Some organizations have strict password security policies requiring the use of a certain number of small characters, capital letters, numbers and special characters. If you know the rules, the mask attack helps you use such policies to your advantage by only checking for passwords that match the known structure.

Note: while the Mutations attack expands the number of passwords to try, Masks do the opposite by skipping checks on passwords that don’t match the set mask.

You can read more about the masks in the Attack Settings.

Combination and Hybrid attacks

In real life, encountering passwords made of a single dictionary word is rare. More often than not, passwords consist of two or three words combined with some numbers and special characters. The Combination and Hybrid attacks target this kind of passwords by allowing you to try passwords made of two words, each of them taken from the dictionary. You can use the same or different dictionaries for the first and second words. We recommend enabling the check for upper-case and lower-case combination, word delimiters and extra mutations.

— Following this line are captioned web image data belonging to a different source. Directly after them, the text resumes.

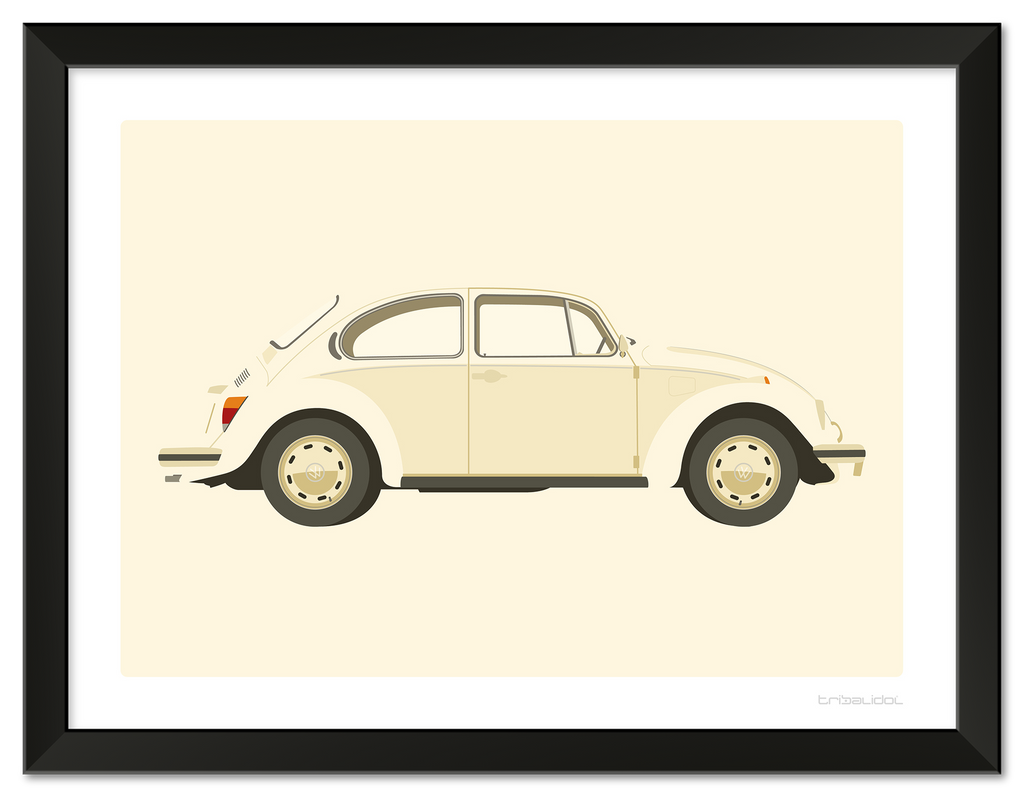 VW Beetle - Light Ivory 70 x 50cm Black frame Tru Vue Museum glass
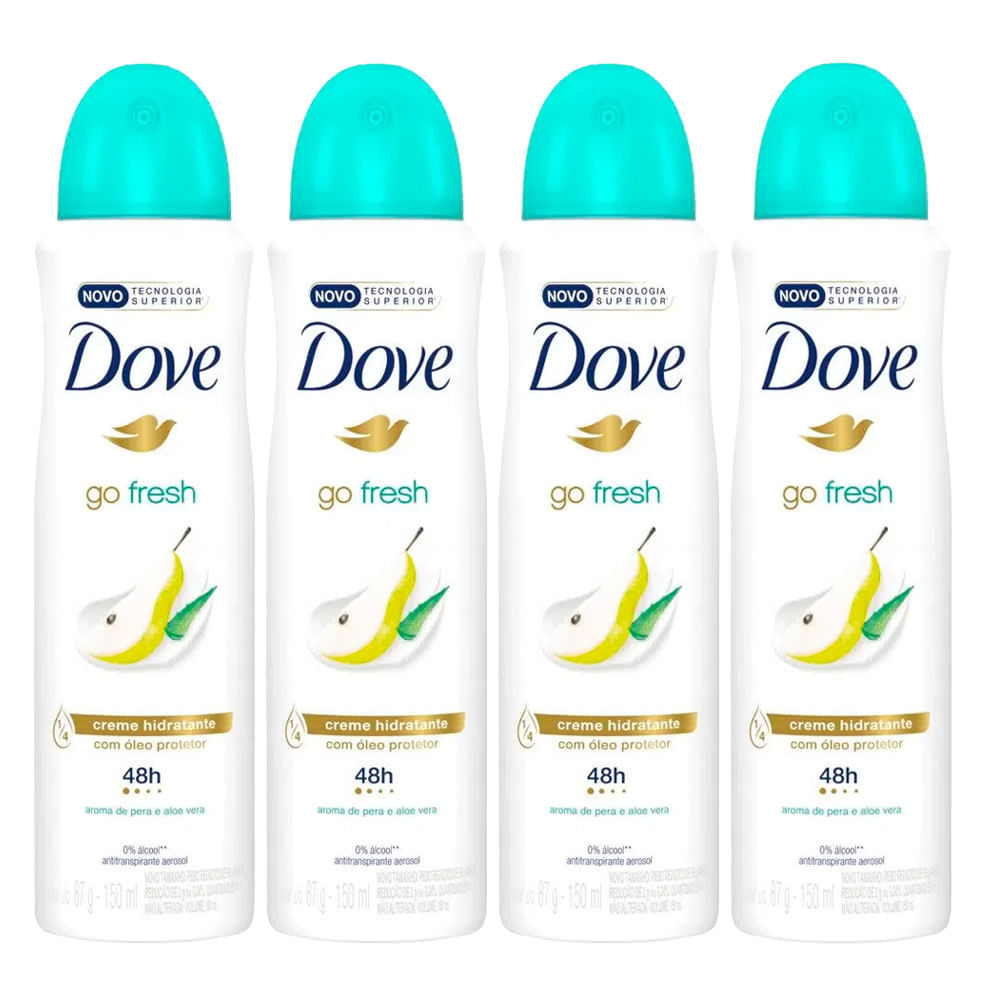 Kit 4 Desodorantes Aerosol Dove Go Fresh Pera e Aloe Vera 150ml em Oferta na Shopee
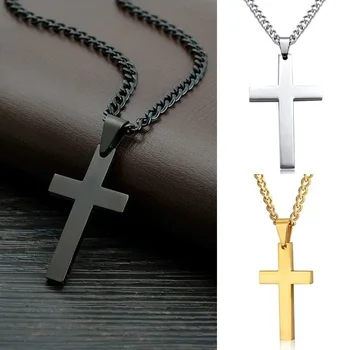 Vintage Cross Pendant Necklace Stainless Steel Necklace New Design Black Chain Pendant Necklace Men Women Necklace
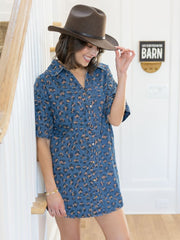 Simply Southern Women's Leopard Print Denim Dress
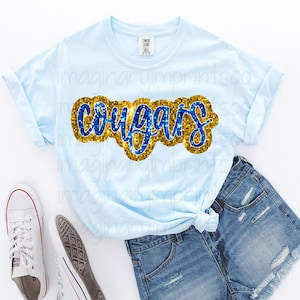 Cougars sequin png - Sublimation design - Digital design - Sublimation - DTG printing - Sublimation png - Cougars sublimation design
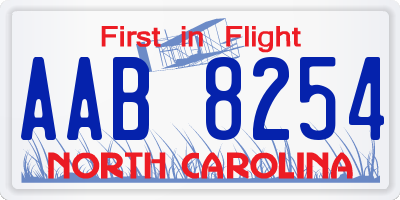 NC license plate AAB8254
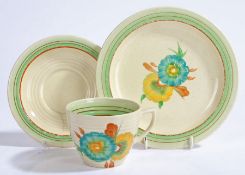 Clarice Cliff Wilkinson Ltd. trio, the ribbed bodies with brown and green banded decoration, the cup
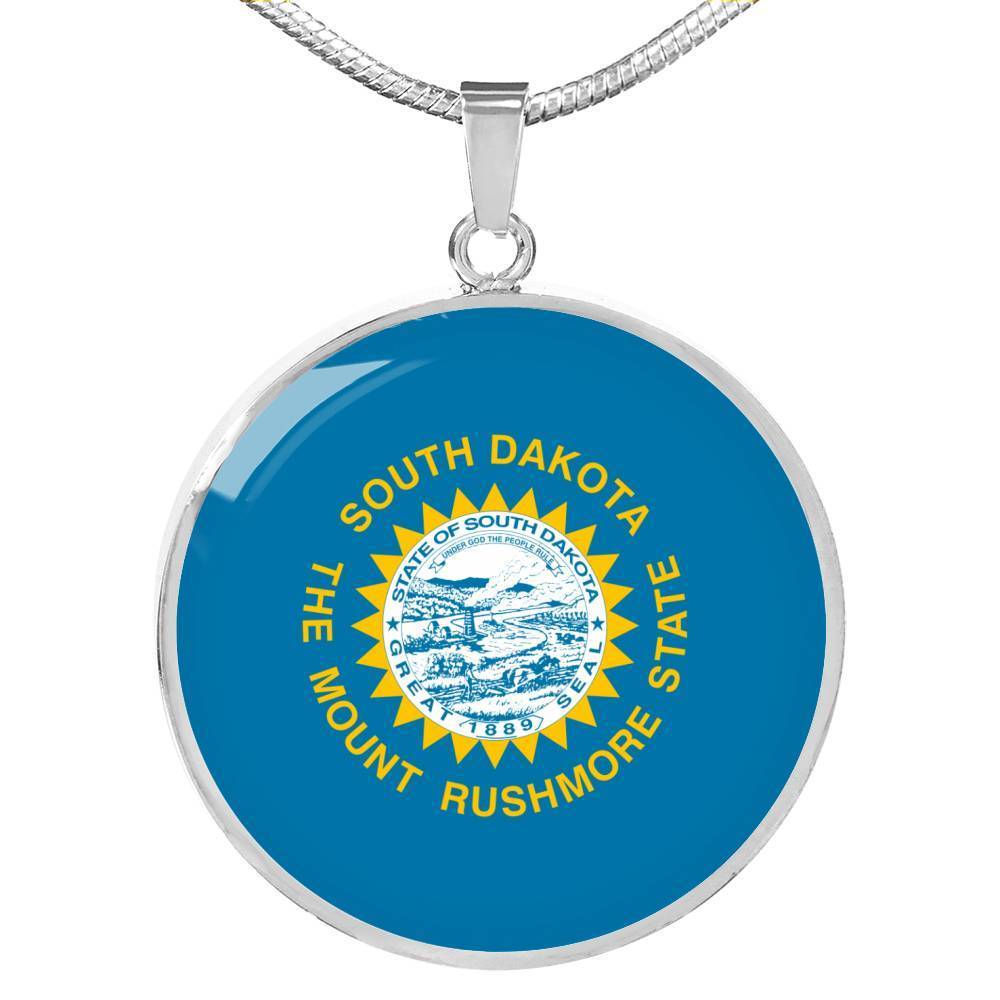 South Dakota State Flag Necklace Stainless Steel or 18k Gold Circle Pendant 18-22" - Express Your Love Gifts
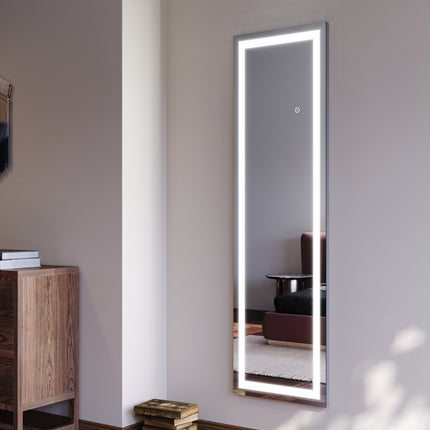 Miroir intégral avec éclairage LED 3 couleurs Miroir sur pied blanc 150x40x3.5cm Miroir mural - SIRHONA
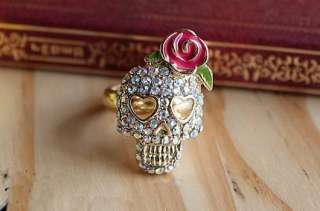 Full Crystal Skull Pink Rose Betsey Johnson Ring Size 7  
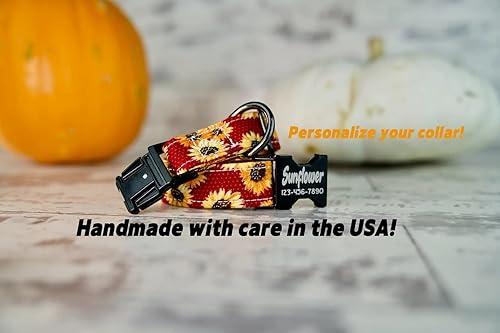 Miniatura 3 de Fall Style Dog Collars w/metal buckle, HAND MADE, Custom Engraved Personalized Collar, 1 inch wide, designer collars, Floral or Pumpkin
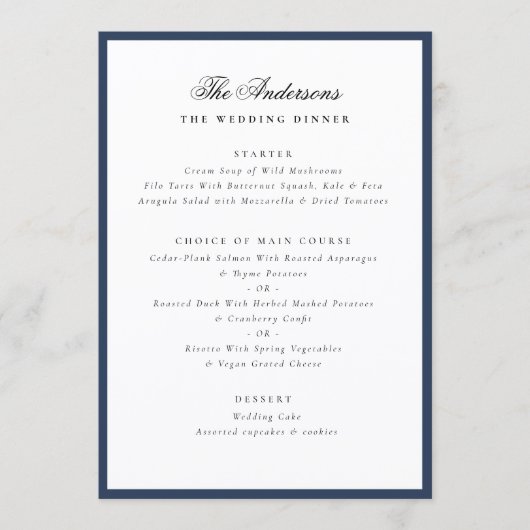 Menu de mariage élégant à cadre bleu avec nom de f (Devant)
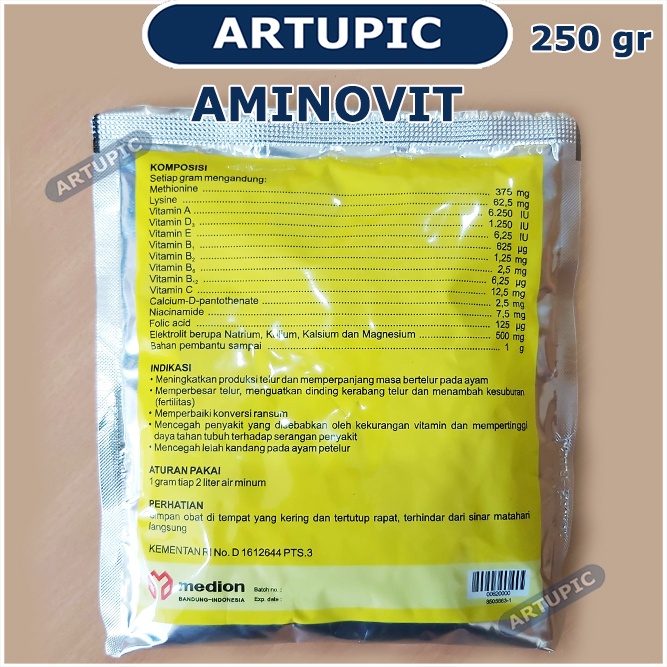 Aminovit 250 gram Serbuk Multivitamin Unggas Ayam Petelur Medion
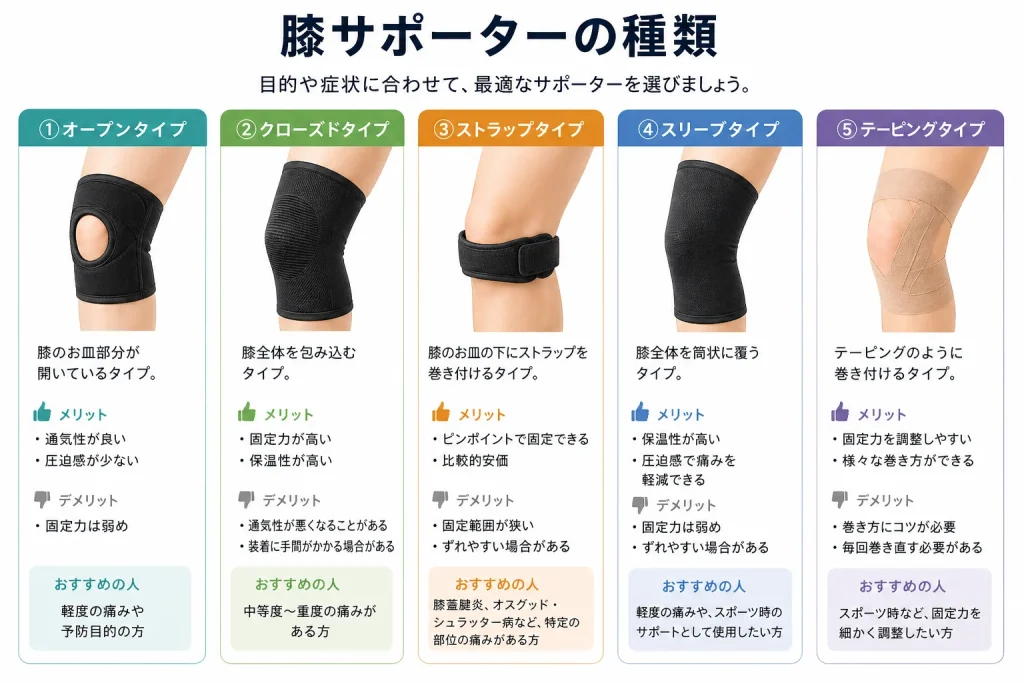 膝サポーター　タイプ別　比較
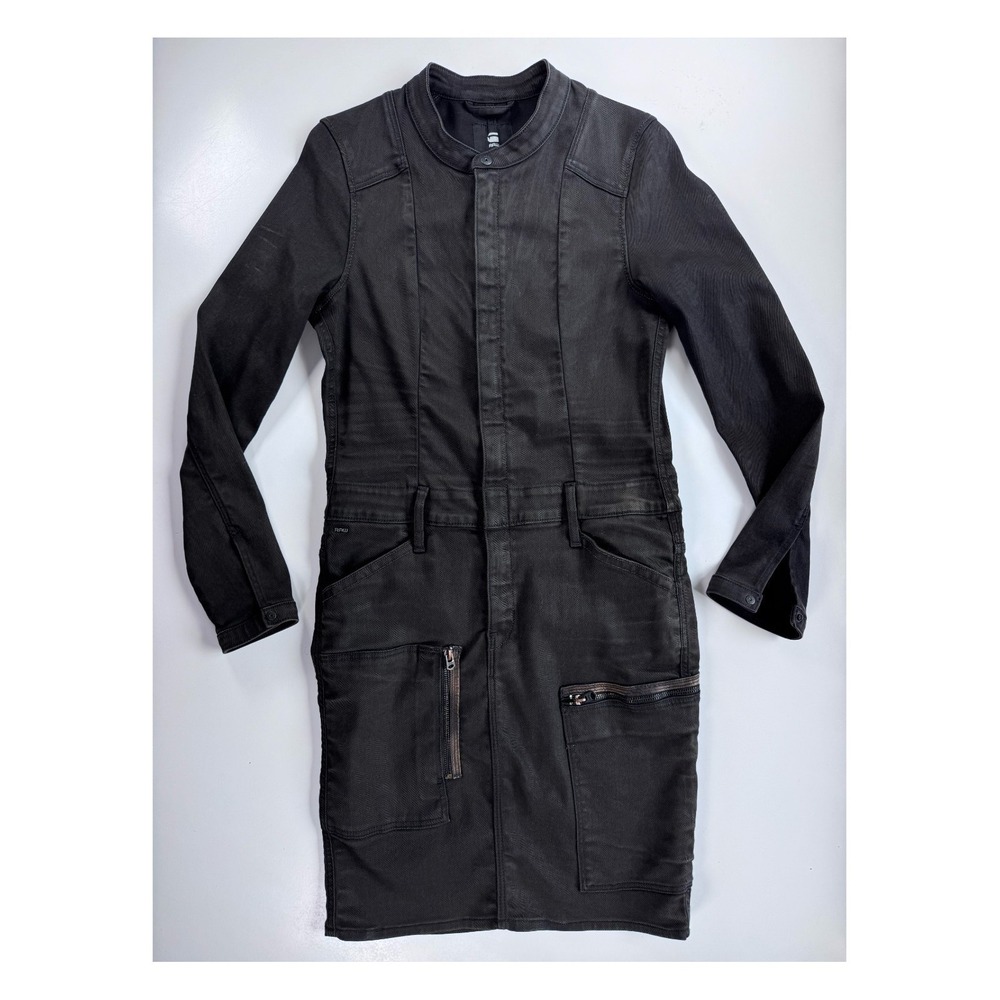 G‎ STAR RAW Powel Slim Dress Long Sleeve Womens Large Denim Stretch Gray Pockets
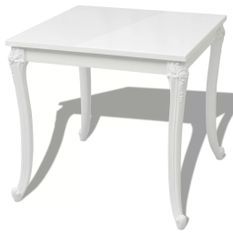 Table carrée bois blanc et pieds plastique Pomme 80 cm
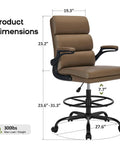 Tall Drafting Chair With Padded Flip Up Armrests, Ergonomic Leather Backrest, And Adjustable Footrest Ring For Standing Desks, All Day Comfort For Normal Desks Or Bar Height, Boss Level Posture Support, Tan, shown with dimensions.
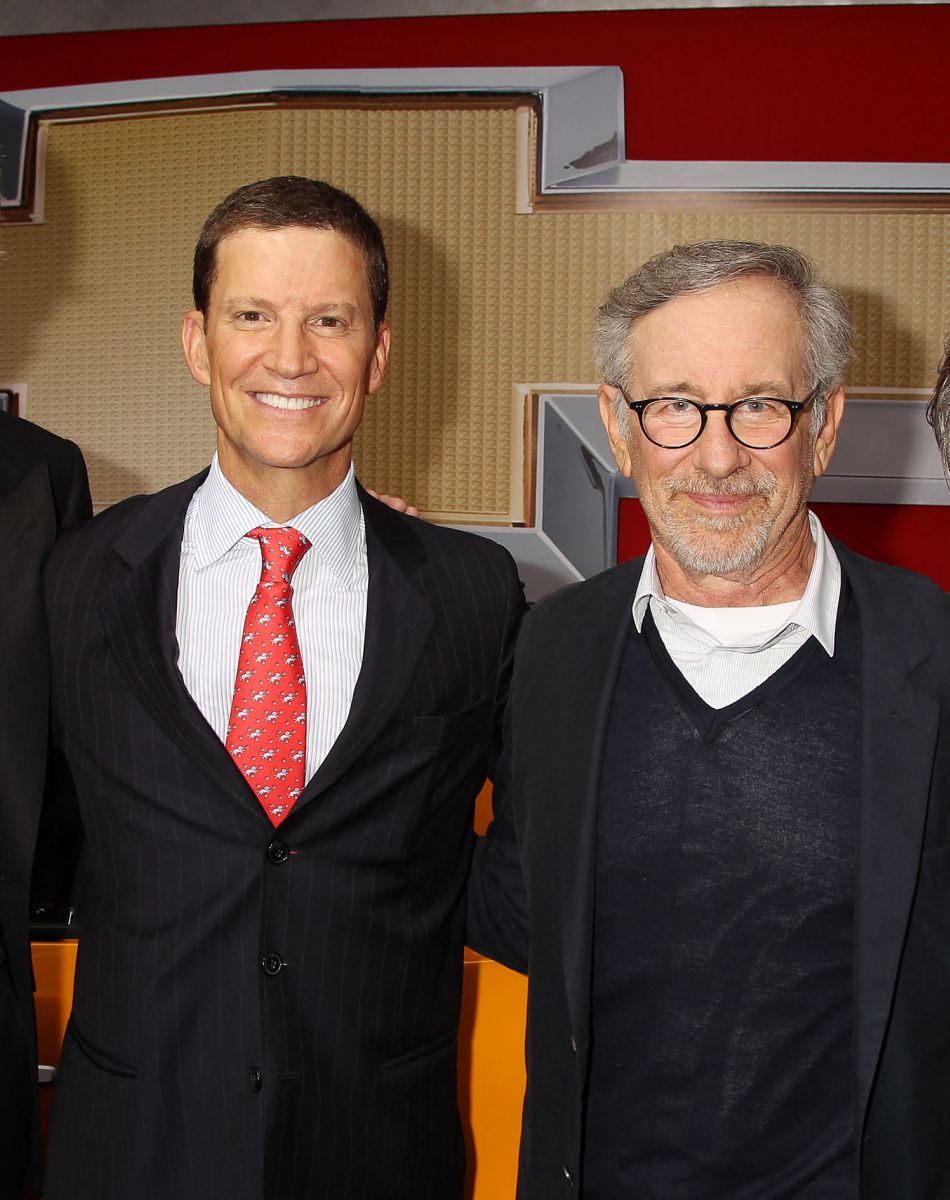 Michael Bay, Brian Goldner, Steven Spielberg, Adam Goodman à la première de Transformers : L'Ere de l'Extinction au théâtre Ziegfeld Theater à New York City, le 25 juin 2014. Photo de Dave Allocca/Startraks/ABACAPRESS.COM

With the first option, the program will try to capitalize the first letter of each word, i.e. testing all four combinations. The second option (Use word delimiters) allows to set the different characters (like dash and underline, though you can set any other ones as well) to be used between words. Finally, you can apply extra mutations to all resulting passwords (Dictionary mutations options will be used). The program tries to estimate the total number of passwords instantly, but mutations will not be counted.

Hybrid attacks are even more complex, allowing to specify scriptable rules desribing the passwords. Combination and Hybrid attacks are documented in the Attack Settings section of the manual.

Suggested Wi-Fi Password Auditing Workflow

Our suggested workflow for auditing Wi-Fi passwords consists of the following steps.

  1. Prepare the list of local phone numbers and save it as a text-based dictionary file. Run a plain, straightforward, zero-mutation attack through that dictionary.
  2. Try all-digit passwords. Depending on the available computational resources, you may be able to try passwords containing 8 to 10 digits in a matter of minutes. From the technical standpoint, this is considered a brute-force attack configured as follows: minimal password length = 8; maximum password length = 10; character set: 0123456789
  3. Run an attack through the Top 10,000 and Top 10 million password lists. Again, no mutations, just straightforward dictionary attacks.
  4. Run a dictionary attack with mutations (single dictionary).
  5. Optional: run a dictionary attack with masks.
  6. Run a hybrid attack with two dictionaries and mutations (note: the two dictionaries may be the same or different to help you try combinations of two words).